Israeli President Shimon Peres will begin talks with political parties tomorrow as the first stage of making his decision which party to charge with attempting to form a coalition government. The most interesting meeting however will be on Thursday morning, when Peres meets with Yisrael Beiteinu head Avigdor Lieberman to find out which, if any, party he will endorse.
Oddly, while most of Israel’s power elite are engaged in heated negotiations trying to square away their positions in the battle for a coalition government, Lieberman left the country this weekend on a brief vacation to Belarus. He will return tomorrow night, but may find his position complicated by his lack of disclosure on which side he supports.

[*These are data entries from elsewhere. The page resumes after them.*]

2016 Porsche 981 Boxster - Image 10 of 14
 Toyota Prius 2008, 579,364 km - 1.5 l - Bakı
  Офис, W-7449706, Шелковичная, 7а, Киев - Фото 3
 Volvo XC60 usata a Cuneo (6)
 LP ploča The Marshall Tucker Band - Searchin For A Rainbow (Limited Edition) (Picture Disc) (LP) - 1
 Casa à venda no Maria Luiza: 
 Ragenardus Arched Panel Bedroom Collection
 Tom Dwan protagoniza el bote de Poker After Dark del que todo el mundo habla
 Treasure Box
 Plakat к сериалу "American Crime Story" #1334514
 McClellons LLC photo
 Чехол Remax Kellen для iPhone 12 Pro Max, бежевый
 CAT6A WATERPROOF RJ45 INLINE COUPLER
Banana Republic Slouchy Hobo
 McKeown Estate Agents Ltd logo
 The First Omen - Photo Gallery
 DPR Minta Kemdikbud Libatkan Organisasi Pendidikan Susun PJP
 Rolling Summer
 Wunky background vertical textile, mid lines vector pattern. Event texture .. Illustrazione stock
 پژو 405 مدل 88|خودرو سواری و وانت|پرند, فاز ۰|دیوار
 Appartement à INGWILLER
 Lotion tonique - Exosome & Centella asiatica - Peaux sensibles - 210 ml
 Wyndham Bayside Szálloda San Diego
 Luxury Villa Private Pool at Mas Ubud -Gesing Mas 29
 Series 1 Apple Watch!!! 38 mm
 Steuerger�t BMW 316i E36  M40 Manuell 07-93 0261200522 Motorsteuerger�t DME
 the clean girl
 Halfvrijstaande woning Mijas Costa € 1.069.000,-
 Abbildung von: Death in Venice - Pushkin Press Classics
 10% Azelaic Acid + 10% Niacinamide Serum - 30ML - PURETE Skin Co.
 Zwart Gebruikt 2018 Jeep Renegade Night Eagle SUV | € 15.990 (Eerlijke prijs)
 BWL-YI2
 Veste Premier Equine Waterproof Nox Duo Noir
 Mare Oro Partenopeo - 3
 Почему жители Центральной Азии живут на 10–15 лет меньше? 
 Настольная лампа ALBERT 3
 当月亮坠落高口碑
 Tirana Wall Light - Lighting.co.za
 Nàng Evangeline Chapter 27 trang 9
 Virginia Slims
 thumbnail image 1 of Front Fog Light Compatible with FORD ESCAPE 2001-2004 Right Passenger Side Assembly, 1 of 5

Many of the activists who played such a key role in his power rising from obscuring to the third largest number of seats in this election are former Likud members, and they feel that anything short of a glowing endorsement of Likud leader Benjamin Netanyahu would be a “betrayal.”
Meanwhile, Likud has stopped negotiating and is now threatening: they have cautioned Lieberman that if he doesn’t endorse Netanyahu they will reduce their offer and may attempt to form an alternative government with Kadima and the religious parties, leaving Lieberman in the opposition.
The reality is that all of these threats are predicated on Likud’s ability to lure Kadima into a coalition: hardly a sure thing according to Foreign Minister Tzipi Livni. But as rumors continue to swirl that Lieberman won’t endorse anyone, the bidding for his endorsement is starting to dry up, at least on the Likud side.